The 'do as I say don't do as I do' attitude and hypocrisy of the Victorian era is examined via Papa, a terrifying, Bible-bashing patriarch. A man leading a double life, Papa reads pornographic literature under a copy of The Times and gives ridiculous speeches about how self-abuse can lead to lunacy to his son before popping out to a whorehouse. Although its specifically addressing the Victorian era this segment contains many nuggets of truth regarding the British attitude to sex. Don't be fooled by the stiff upper lip stereotype the great British public will gobble up smut at any opportunity whether it be McGill seaside postcards, tabloid bust models or Come Play with Me, yet its as British to deny enjoying such things, or wear a beard of disapproval - its behavior true of anything from British sex film directors who claimed to hate filming sex scenes but turned out hardcore on the sly, to cranky dirty macs harassing snap happy tourists in Soho with "ere mate, you didn't just take a picture of me, did ja?" wanting no record of their Brewer Street antics. Naughty gets much comic mileage out of the Victorians but then throws it back in the audiences face by suggesting things may not have changed that much. Is the Victorian street hawker who stuffs porn up his sleeve when plod comes along a million miles from the sex shop owner the Naughty crew encounter who keeps some of the 'hard stuff' in a back room? Or hardworking 19th century nude photographer Henry Hayler to the similarly one man band operation of blue movie maker John Lindsay? Lindsay is seen filming his ten minute opus Sex After School. While Sylvia, the black star of Sex After School who later did TV work under a different name, gives off a naive vibe with statements along the lines of 'the body is a beautiful thing', her two co-stars are from a much tougher school of drifting, careerless people who've ended up in vice. The girl playing a pseudo-teenager seems on a depressive trip- she's interviewed still naked, nervously dragging on a cigarette and looks down allot, a vulnerable mess of a girl. In her interview she cites money as her sole motivation, she's been in this game three years and remembers having to get drunk to cope with getting through her first blue film, she describes herself as "not happy, but I'm not sad, just indifferent" you worry what became of her.
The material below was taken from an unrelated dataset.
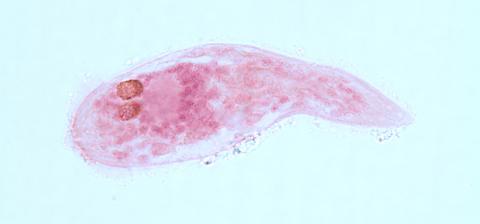 Sanguinicola blood fluke miracidium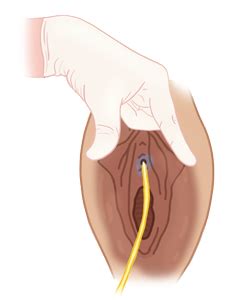 How To MASTER The Foley Catheter Insertion Advanced Tips Tricks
Just as Horace notes the difference in the openness in Soho compared to few years earlier, so there is a considerable jump in attitude from The Wife Swappers to Naughty. While The Wife Swappers bends over backwards to morally justify its existence, and as a result is now rich in unintentional comedy, Naughty is a much less hysterical piece of work, one that manages to name check or depict just about every kink worth mentioning in 1971 without resorting to finger pointing moralising. Granted it may not be as radical as the some of the outlaw characters on display like Lindsay but in Long's humorous way Naughty does at least quietly question why Britain shouldn't be allowed the same freedoms as Europe, whilst poking fun at moral guardians past and present. The film's pre-credit claims of being a neutral take on the subject at hand being only slightly called into question by its own press book which actively encouraged cinema owners to tip off their local version of Longford and Whitehouse about when and where the film is playing, "their predictable reactions through the local media can only boost its business potential even more".